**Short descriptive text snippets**
============================================================

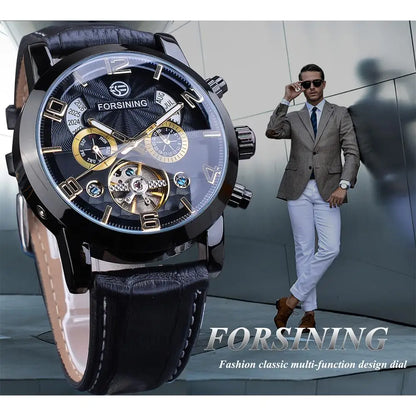 Montre mécanique automatique Forsining Tourbillon Fashion Wave noire et dorée multifonction pour homme, marque de luxe de qualité supérieure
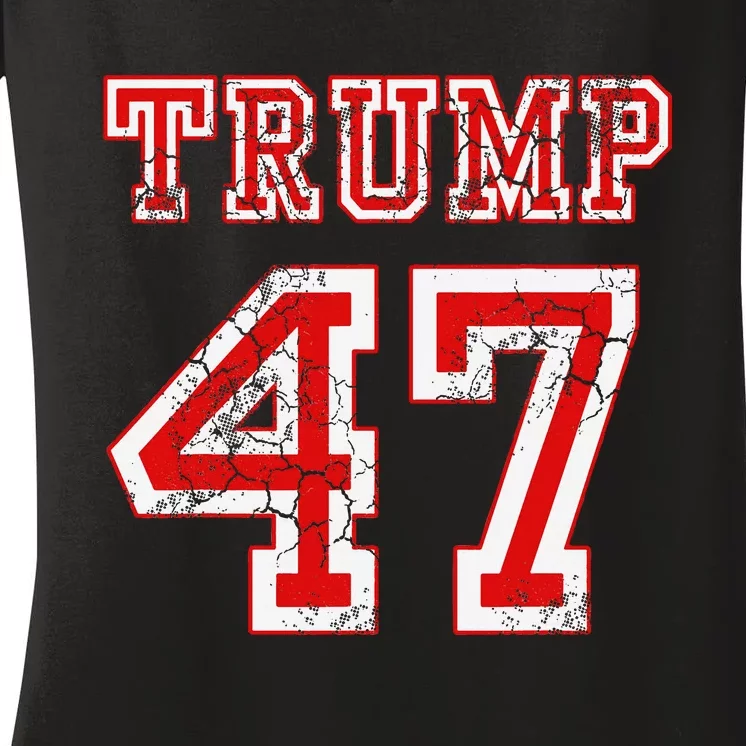 Trump 47 2024 Election Republican Conservative Women's V-Neck T-Shirt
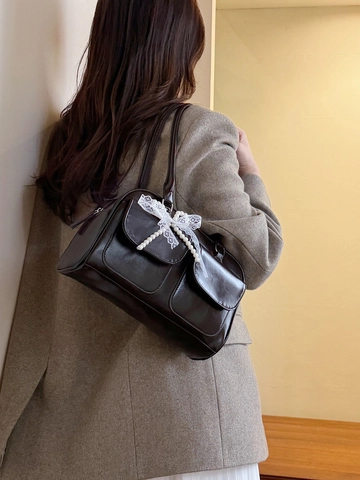 Bolso de Hombro de Cuero PU Vintage para Mujer Bolso Tote de Gran Capacidad Con Colgante de Lazo de Perlas Artificiales
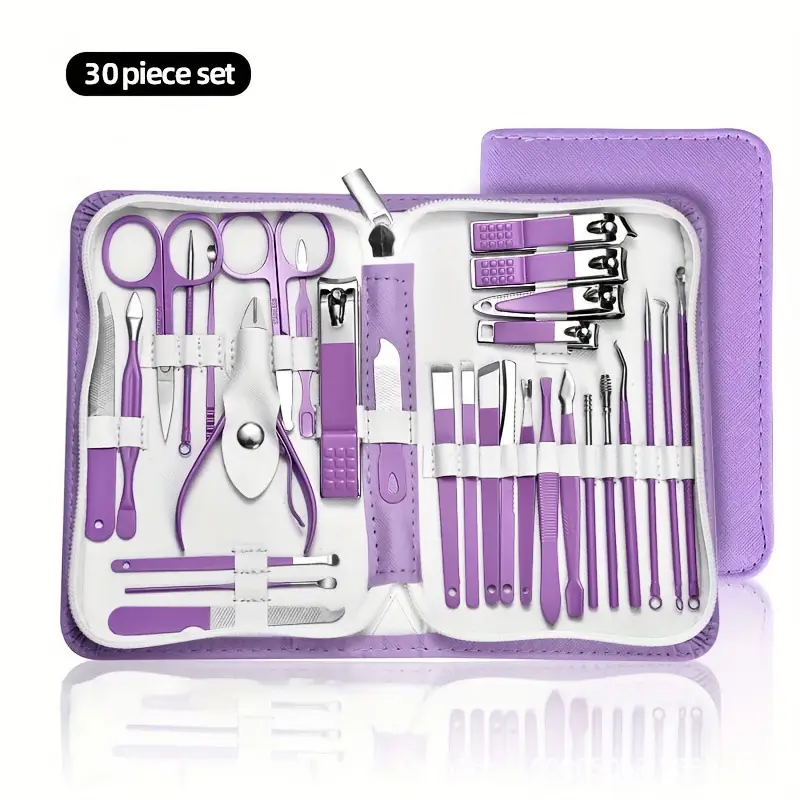 Purple Nail Art Set 9-30 Pieces for Manicure Tools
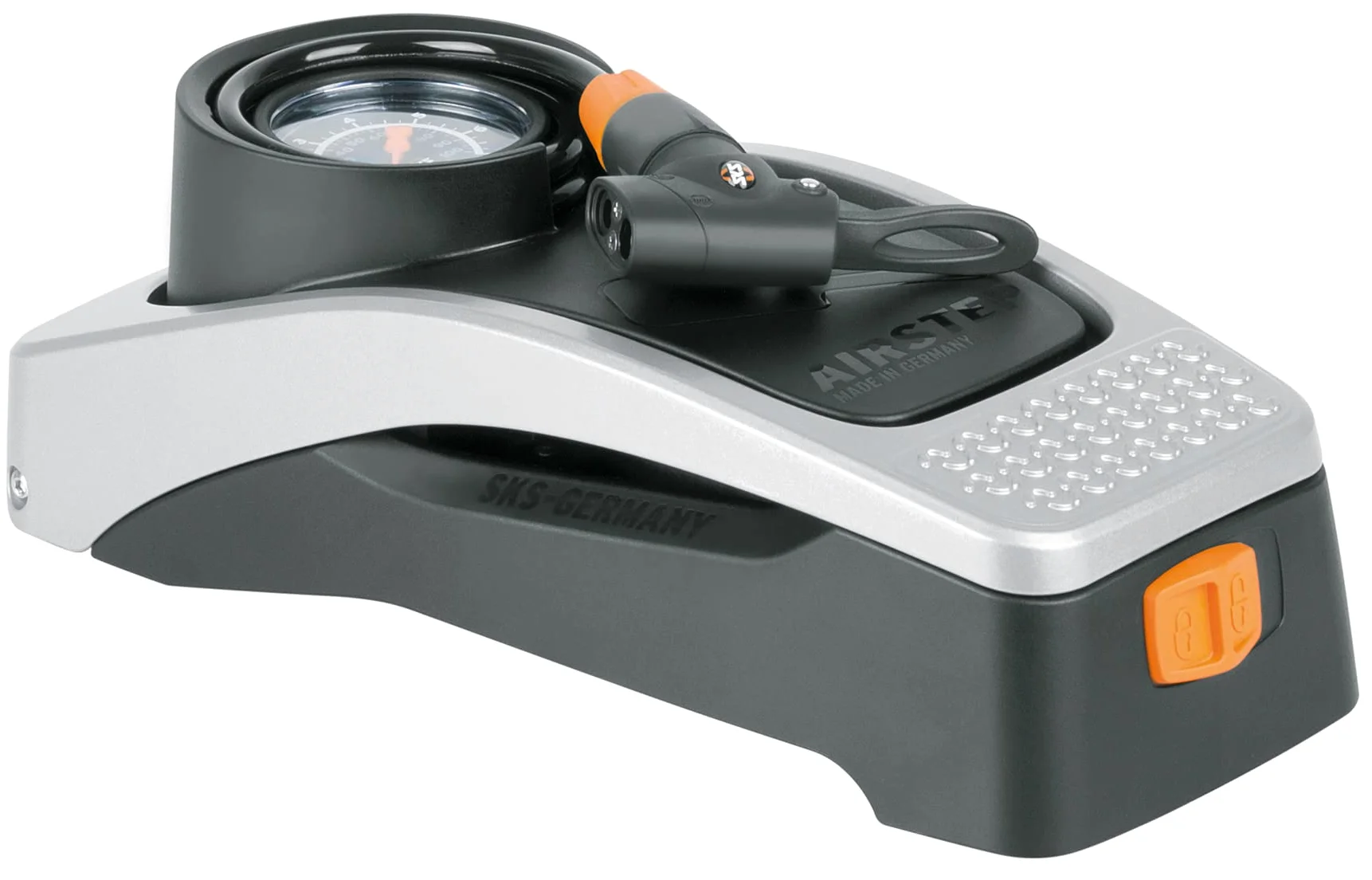 SKS Germany Airstep/Airstep Digi Fußpumpe mit integriertem Spiralschlauch (Luftpumpe für Alle Ventilarten, rückenschonendes Pumpen, MAX. Druck: 7 Bar / 102 PSI)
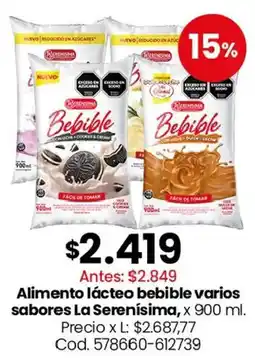 Coto La serenisima bebible varios sabores oferta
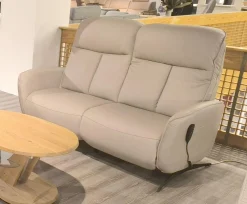 Hukla Polstergruppen|Polstergarnitur Havanna Leder Credo Pearl Grau Beige Gestell Metallkufe Schwarz Inklusive Kissen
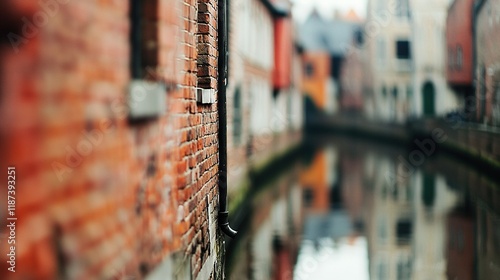   A wall adjacent to water with structures on either side and a channel dividing them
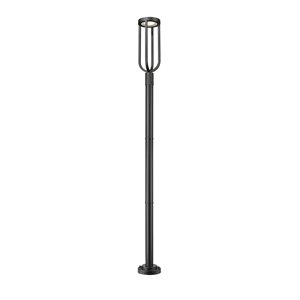 Z-Lite Leland 97.25-in H Sand Black 1-Light Outdoor Post Mounted Fixture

============================================================

**TASK INSTRUCTIONS**
Repeat the records exactly but leave out the images.

**SOLUTION TO THIS EXERCISE**
 Montre mécanique automatique Forsining Tourbillon Fashion Wave noire et dorée multifonction pour homme, marque de luxe de qualité supérieure
 Trump 47 2024 Election Republican Conservative Women's V-Neck T-Shirt
 Bolso de Hombro de Cuero PU Vintage para Mujer Bolso Tote de Gran Capacidad Con Colgante de Lazo de Perlas Artificiales
 Purple Nail Art Set 9-30 Pieces for Manicure Tools
 SKS Germany Airstep/Airstep Digi Fußpumpe mit integriertem Spiralschlauch (Luftpumpe für Alle Ventilarten, rückenschonendes Pumpen, MAX. Druck: 7 Bar / 102 PSI)
 Coto La serenisima bebible varios sabores oferta
 Hukla Polstergruppen|Polstergarnitur Havanna Leder Credo Pearl Grau Beige Gestell Metallkufe Schwarz Inklusive Kissen
   A wall adjacent to water with structures on either side and a channel dividing them
 Z-Lite Leland 97.25-in H Sand Black 1-Light Outdoor Post Mounted Fixture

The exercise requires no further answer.